We can study negotiable instruments under the following broad classifications. These classifications depend on various features like transferability, negotiability, rights of holders, etc.

1. Bearer Instruments

There are two important conditions for negotiable instruments to become payable to bearers. Firstly, parties to the transactions must express it to be so payable. Secondly, the only endorsement for it should be an endorsement in blank.

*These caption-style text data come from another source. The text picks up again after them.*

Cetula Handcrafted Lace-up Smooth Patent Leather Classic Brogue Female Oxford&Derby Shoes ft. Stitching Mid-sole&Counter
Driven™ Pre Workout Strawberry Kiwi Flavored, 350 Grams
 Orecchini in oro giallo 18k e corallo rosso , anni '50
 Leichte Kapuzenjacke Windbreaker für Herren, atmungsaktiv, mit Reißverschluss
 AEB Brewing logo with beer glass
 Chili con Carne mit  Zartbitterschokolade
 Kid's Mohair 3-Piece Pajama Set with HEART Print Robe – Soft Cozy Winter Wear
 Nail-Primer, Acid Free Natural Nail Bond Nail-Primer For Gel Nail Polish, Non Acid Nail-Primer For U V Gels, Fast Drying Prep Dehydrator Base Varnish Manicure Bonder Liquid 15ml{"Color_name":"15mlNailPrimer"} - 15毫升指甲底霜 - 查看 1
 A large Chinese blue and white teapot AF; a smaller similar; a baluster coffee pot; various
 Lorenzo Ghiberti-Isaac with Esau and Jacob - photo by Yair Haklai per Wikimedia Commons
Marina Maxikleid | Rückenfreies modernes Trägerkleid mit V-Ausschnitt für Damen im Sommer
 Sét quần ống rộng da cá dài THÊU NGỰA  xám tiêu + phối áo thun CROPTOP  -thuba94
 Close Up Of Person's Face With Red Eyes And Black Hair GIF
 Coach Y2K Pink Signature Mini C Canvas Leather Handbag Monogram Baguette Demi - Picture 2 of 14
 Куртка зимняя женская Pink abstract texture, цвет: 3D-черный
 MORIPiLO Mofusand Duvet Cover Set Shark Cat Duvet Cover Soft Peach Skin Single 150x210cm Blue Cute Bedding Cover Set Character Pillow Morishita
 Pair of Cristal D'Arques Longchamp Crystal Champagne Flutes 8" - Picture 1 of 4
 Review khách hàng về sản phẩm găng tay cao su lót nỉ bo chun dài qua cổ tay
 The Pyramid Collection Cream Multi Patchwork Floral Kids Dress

These two requirements basically imply that any holder of such instruments can obtain payment for them. For example, a bill of exchange is payable to any person who holds it. These bearer instruments include cheques, bills of exchange and promissory notes.

2. Order Instruments

Negotiable instruments can often be payable to order in certain cases. They are payable when the instruments expressly state them to be so. Furthermore, they may be payable to order only to a specific person. The only requirement is that there should be no prohibition on their transferability.

3. Inland Instruments

Section 11 of the NI Act deals with inland instruments. This provision basically regulates instruments that are drawn and made payable in India. Alternatively, they may be payable outside India but only if they are drawn upon by an Indian resident.

4. Foreign Instruments

Every instrument that is not inland automatically becomes a foreign instrument. These instruments are drawn in a foreign country but may be payable within or outside India. They may even originate in India but only for payment to a person who resides abroad.

5. Demand Instruments

Sometimes, an instrument may not specify a time period during which it remains payable. Such instruments are generally payable whenever the bearer demands. Examples of such instruments include promissory notes and bills of exchange.

6. Time Instruments

Unlike demand instruments, time instruments carry a fixed future date for payment. For example, a promissory note may carry a maturity date arising after 24 months of its issue. Such instruments may even become payable upon the happening of a specific future event.

7. Ambiguous Instruments

An ambiguous instrument is basically 0ne that may be either a bill or a note for its holder. Such situations arise in peculiar circumstances only. For example, sometimes the drawee may be a fictitious person or he may be incompetent to contract.

Under such circumstances, the holder of such instruments may treat them either as bills of exchange or as promissory notes.  Section 17 of the Negotiable Instruments Act deals with such situations.

8. Incomplete instruments

Incomplete instruments lack certain essential requirements of typical negotiable instruments. In such cases, the holder of the instrument has the authority to complete it up to the amount mentioned therein. This, in turn, results in the creation of legally binding negotiable instrument payable by law. Not only the first holder but also any subsequent holder who procures such instruments can complete them.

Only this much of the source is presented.